As we are using GPT-3.5 and also have a very short output (~20 tokens per content), the re-rank query runs fast and with a low cost.

As for today's cost and latency, the example above cost $0.002 per run, and the process took about 3 seconds. A very big re-rank with about 15K tokens input and 600 tokens output will cost about $0.017 and about 7 seconds to process. For sure both cost and latency will improve in the upcoming months. (Update: gpt-3.5-turbo-0125 just cut that value by a half)

Another important point is that sometimes you give back 10 chunks to the higher agent to process (hoping that the one you really want is there) and that’s also costly, with efficient re-rank you can reduce the amount of chunks retrieved, reducing the cost on GPT-4.

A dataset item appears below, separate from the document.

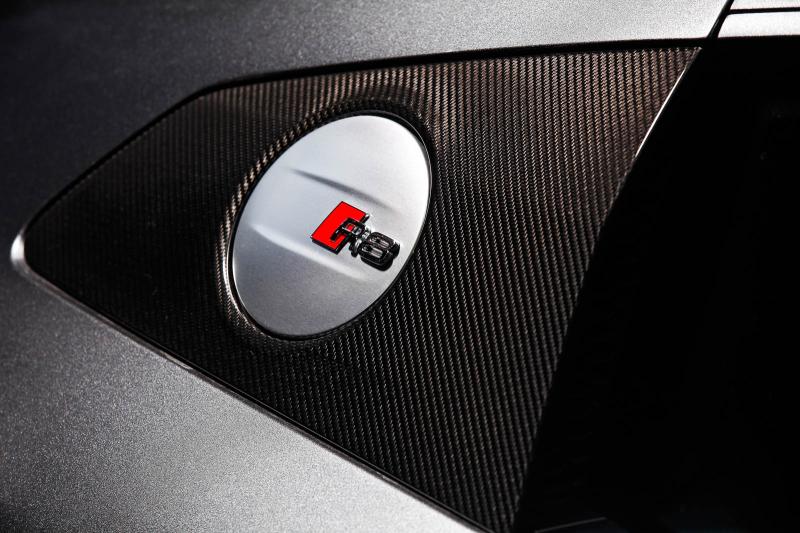  - Essai Audi R8 V10 Plus 610 ch 1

The final step is to give back the top results back to GPT and generate the final answer.

Conclusion

Integrating vector databases with GPT-3.5 for data retrieval offers a practical and efficient solution for knowledge base management. This method improves the accuracy and relevance of search results while making the process more straightforward for users.

Through the combination of vector database retrieval and GPT-3.5 reranking, we can better meet the demands for precise and timely information across various domains. This approach showcases the potential of combining existing technologies to enhance information retrieval, making it more adaptable to different types of queries and capable of prioritizing the most recent content.

As technology evolves, we anticipate further advancements that will continue to refine and improve our approaches to managing and accessing vast data repositories. The future of knowledge management looks promising, with ongoing innovations set to make information retrieval even more efficient and user-friendly.

This development marks a step forward in our quest to make knowledge more accessible and easier to navigate, promising a future where we can leverage information more effectively in our decision-making processes.